# I love her but she loves another guy.



## prabh (Jun 24, 2011)

Me and my partner had been in relation for over 2 years. she had some past with some guy. she was in love with a guy who was married. she told me that she loved her bcz his wife dumped him so she sympathized with him. then i came into her life. When she said yes to my purpose she said yes i want to spend my life with you not i Love you too. ok i thought she will take time to come out of last relation. she eventually said I love you about a month after.then our relation started and was very good. we were really really close. we used to do everything together. we took baths together, had sex almost did everything together. we used to thought about how many kids we will have etc. i was pretty clear about my future as i loved her so much and knew she is mine and will marry me. she also had full trust in me. 
but in the last 2 3 months things changed significantly. she became more AWARE of facebook and she is at facebook all the time. she went into a relationship with a man whom she has not seen live. just the pictures on fb. i was really shocked when i found it out. she did not told me this i had to find it out as my gut feeling was saying something is wrong way she was reacting to me. she used to find ways to fight. like say you used too much toilet paper today or like you should have made shake in this jar not that. like that childish stuff. usually i do all the work at home. cooking, dished cleaning etc. i study full time in uni as well and also work part time. she works full time.

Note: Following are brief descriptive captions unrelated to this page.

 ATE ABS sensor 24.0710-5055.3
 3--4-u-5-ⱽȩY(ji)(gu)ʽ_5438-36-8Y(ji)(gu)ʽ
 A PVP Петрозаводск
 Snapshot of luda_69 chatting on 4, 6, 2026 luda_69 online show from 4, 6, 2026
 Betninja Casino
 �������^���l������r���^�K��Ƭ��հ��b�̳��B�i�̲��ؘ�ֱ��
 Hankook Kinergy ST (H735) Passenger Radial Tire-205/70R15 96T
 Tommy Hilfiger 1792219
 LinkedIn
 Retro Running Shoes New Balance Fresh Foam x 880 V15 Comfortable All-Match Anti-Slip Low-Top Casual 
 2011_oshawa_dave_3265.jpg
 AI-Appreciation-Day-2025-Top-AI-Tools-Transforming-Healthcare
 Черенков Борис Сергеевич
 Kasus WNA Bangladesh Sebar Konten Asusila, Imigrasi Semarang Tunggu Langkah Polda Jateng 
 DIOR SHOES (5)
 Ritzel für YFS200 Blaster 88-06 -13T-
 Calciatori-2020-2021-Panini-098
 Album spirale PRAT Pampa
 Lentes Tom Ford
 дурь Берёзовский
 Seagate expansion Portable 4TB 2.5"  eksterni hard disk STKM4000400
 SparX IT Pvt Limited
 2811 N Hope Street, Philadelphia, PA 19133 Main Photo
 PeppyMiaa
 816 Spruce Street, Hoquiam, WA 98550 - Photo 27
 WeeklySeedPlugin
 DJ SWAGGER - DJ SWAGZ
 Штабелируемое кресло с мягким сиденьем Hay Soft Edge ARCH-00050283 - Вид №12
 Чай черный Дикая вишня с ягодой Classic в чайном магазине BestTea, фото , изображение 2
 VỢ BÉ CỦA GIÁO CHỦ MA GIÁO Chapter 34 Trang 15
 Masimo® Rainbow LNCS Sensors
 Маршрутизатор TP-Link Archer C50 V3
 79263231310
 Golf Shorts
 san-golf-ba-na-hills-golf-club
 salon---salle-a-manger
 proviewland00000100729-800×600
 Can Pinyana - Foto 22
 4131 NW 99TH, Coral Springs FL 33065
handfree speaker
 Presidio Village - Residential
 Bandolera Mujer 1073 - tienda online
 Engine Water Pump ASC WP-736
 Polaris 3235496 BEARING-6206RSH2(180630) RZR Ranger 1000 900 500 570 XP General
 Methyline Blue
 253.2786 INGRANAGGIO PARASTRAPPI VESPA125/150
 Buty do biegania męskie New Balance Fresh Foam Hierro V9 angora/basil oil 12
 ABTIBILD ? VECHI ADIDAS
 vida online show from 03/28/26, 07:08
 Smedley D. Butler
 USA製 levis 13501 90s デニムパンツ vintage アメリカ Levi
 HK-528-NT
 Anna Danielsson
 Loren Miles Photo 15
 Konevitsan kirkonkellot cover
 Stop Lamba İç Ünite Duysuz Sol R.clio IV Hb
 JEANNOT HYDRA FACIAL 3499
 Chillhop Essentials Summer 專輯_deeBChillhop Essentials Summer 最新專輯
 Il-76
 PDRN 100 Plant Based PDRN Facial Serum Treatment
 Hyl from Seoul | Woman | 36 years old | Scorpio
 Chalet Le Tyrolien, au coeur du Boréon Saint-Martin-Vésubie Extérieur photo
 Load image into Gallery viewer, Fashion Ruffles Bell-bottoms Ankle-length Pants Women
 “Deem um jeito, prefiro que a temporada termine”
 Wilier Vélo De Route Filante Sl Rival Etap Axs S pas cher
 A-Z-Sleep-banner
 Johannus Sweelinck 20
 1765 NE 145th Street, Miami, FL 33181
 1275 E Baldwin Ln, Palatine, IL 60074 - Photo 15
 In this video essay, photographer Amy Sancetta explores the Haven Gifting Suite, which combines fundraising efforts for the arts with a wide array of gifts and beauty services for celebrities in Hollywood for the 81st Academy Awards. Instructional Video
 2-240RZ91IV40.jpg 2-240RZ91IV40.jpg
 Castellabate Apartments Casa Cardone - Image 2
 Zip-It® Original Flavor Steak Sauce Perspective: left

one day when i had a fight with her she told its over. our relationship has ended. i cried whole day that day. next day i woke up when she was about to go to work. i asked her if she ate something. she said no. i said you should i will cook it for you. she said no you dont worry we are separate now. then i lost my temper. i asked you cheat on me what i do wrong. i said if you wanna go, go i will never come back. i left home that day. when i came back at night she was crying all over the place. i asked what happened. she said dont leave me or i will cry my whole life. she said i want that guy as well as i love him but i also want you. i dont know what she mean by that. now that guy dumper her. now she is always waiting on facebook for that guy to come online so that she can talk to him. my exams are going on and i m going through such severe stress that i cant describe. still i cook , work and study. she just sits on fb and waits for him. i said to her once no matter where you go i will always love you. 
i just dont want to leave her bcz i love her more than anything else in my life. she means a lot to me even though i might not. she told me that when you purposed me than i thought that you are a good person and my parents will love you and as you are intelligent we will have a safe future. this tells me she never loved me from heart. she asked me to be with her all the life but she might not marry me. 
now i dont know what should i do. on one hand she says we will get married bcz that guy dumped her and on other hand she always waits for that guy to come online and talk to her just as FRIEND in front of me. we still sleep together. its like having facing a tsunami and you have been asked not to leave the beach. 

i dont know what to do. any advice?


----------